Hybrid Predictor Screening and Least Square RSM Approaching

Semiconductor operation is facing challenges in predicting the performance of a device during the comprehensive fabrication. This lack of predictability has resulted in decreased yield and increased costs. This project will demonstrate how to establish a predictive model of inline metrology data (3 response variables (Y) and 300+ predictor variables (X), with a dataset of ~ 400 data points) to predict device performance.
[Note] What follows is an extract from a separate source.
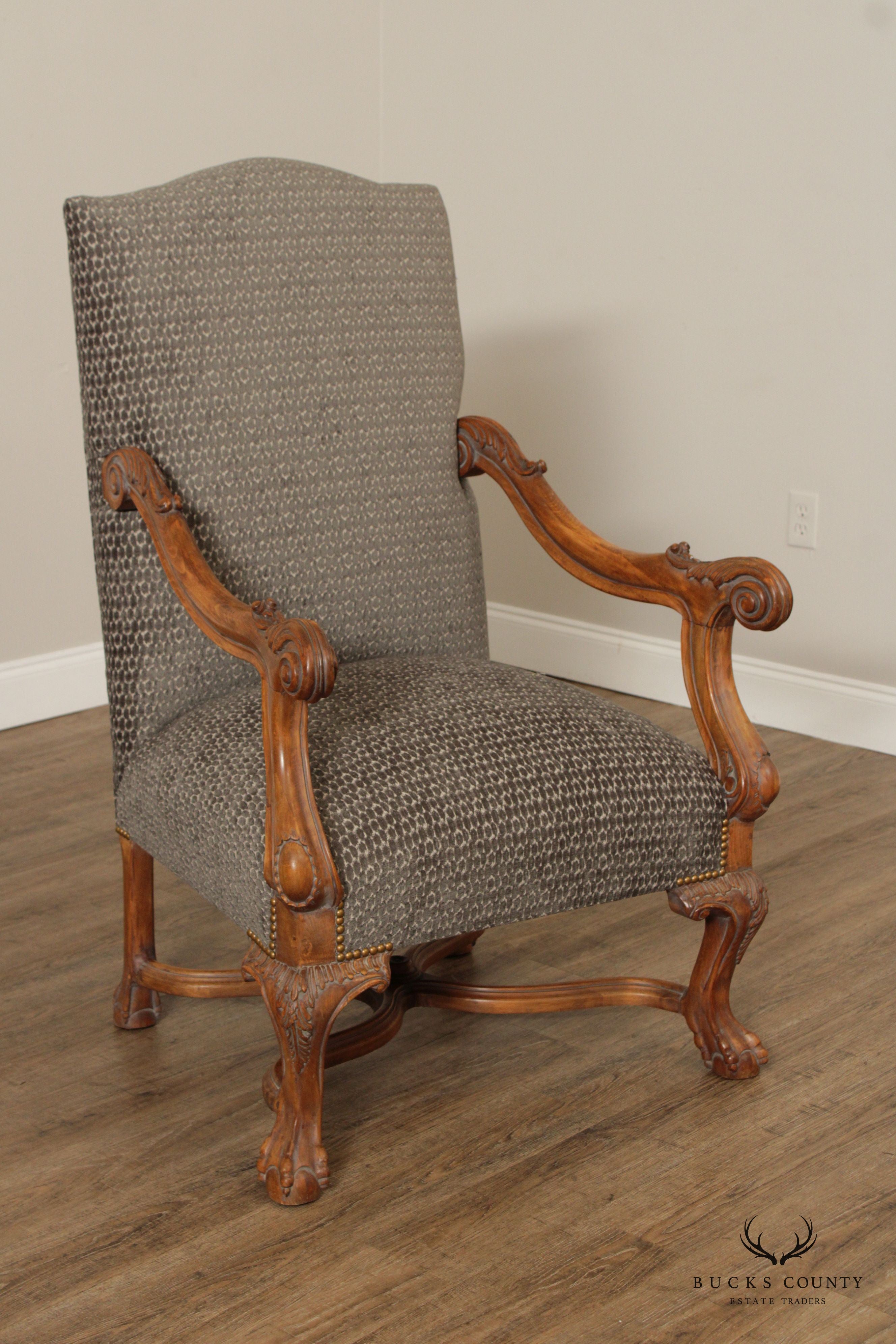 French Renaissance Revival Style Quality Pair of Carved And Upholstered Armchairs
We have utilized JMP Multivariate Platform to assess the project complexity: (1) relatively weaker Y-Y competition, (2) strong Y-X causation, and (3) severe X-X multicollinearity dependency. Both standard least square and stepwise algorithms have shown severe overfitting risk if considering all 300+ predictors. Three modern data mining dimension reduction techniques have been utilized to select the vital few Xs to continue RSM modeling: (1) Partitions, (2) Neural, (3) Predictor Screening. Limited to regular JMP software, Predictor Screening using Random Forest algorithm effectively resolve recursive partition concerns and provided a more uniform contribution pattern. Based on the predictor ranking of Predictor Screening, we ran a hybrid model to combine Fit Model, Neural, Partition, and Ensemble Models to predict device performance. We also implemented recursive combination iterations and established a stopping criterion to ensure efficient model development.
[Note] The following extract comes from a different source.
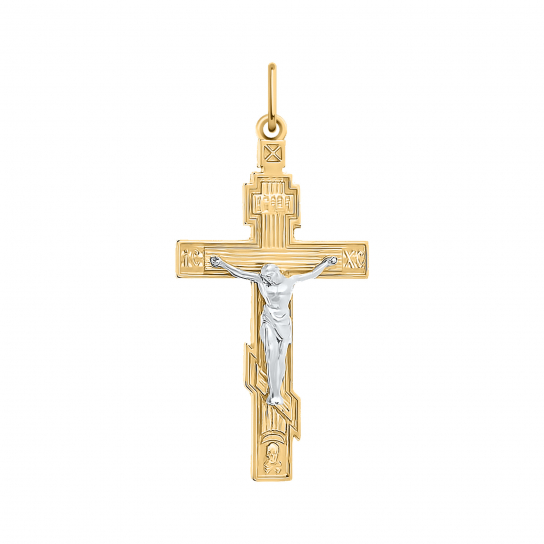 Золотой крестик 585 нательный, на шею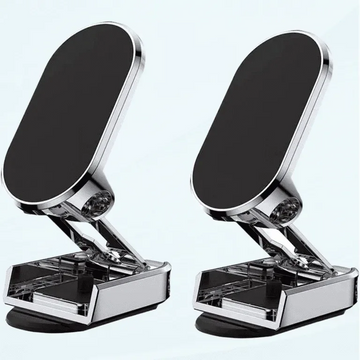 360° Rotatable Mounting Metal Magnetic Car Mobile Stand Folding Phone - Arfa Mart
This JMP project has successfully enabled us to enhance our predictive capabilities and extract valuable insights for the design of the device. The new product development cycle time can be significantly reduced through a reliable predictive model.

Hello, everyone. I'm Chen-Chih Hsu. I'm a Process Engineer at Applied Materials. Today, I'm going to present a Hybrid Predictor Screening and Lest Square RSM Approach. The presentation is a collaborative effort between Charles and myself.
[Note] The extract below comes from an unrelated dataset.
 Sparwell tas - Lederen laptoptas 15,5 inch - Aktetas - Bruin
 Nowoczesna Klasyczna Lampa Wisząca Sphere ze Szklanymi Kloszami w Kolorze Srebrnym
The semiconductor operation is facing some challenges in predicting the device performance throughout the whole fabrication process. This lack of predictability has resulted in decreased yield and increased cost. To address this issue, the motivation behind this is to develop a statistical model to predict device performance, which is our Y, based on our in-line metrology data, which is our X here. In the fabrication process, we have deposition, lithography, edge, and some in-line metrology measurements.

If we can build a model to predict our Y, then we can provide some feedback to previous models to monitor if there is any process shift, so we can also improve the quality control, increase the yield, and even optimize the whole entire flow process. In our data set, we have three responses and about 300 predictors. Among all these predictors, we have... There are some... For each response, we have around 200 predictors for each response. Among all these predictors, there are some independent predictors for each Y, and also there are some share predictors among all the Y. As you can see, this is a very complicated model.

Throughout this report, we want to explore several key questions. For example, we want to understand why Y1 and Y2 shows higher correlations. Additionally, we also want to know the relationship between Y and X, so that we can know how we can optimize our device performance. All these questions are very important for us to have a comprehensive understanding of this project. Since it's a complex model, so first, we use a multi-variable approach to check the relationship between the Y-Y, Y-X, and X-X.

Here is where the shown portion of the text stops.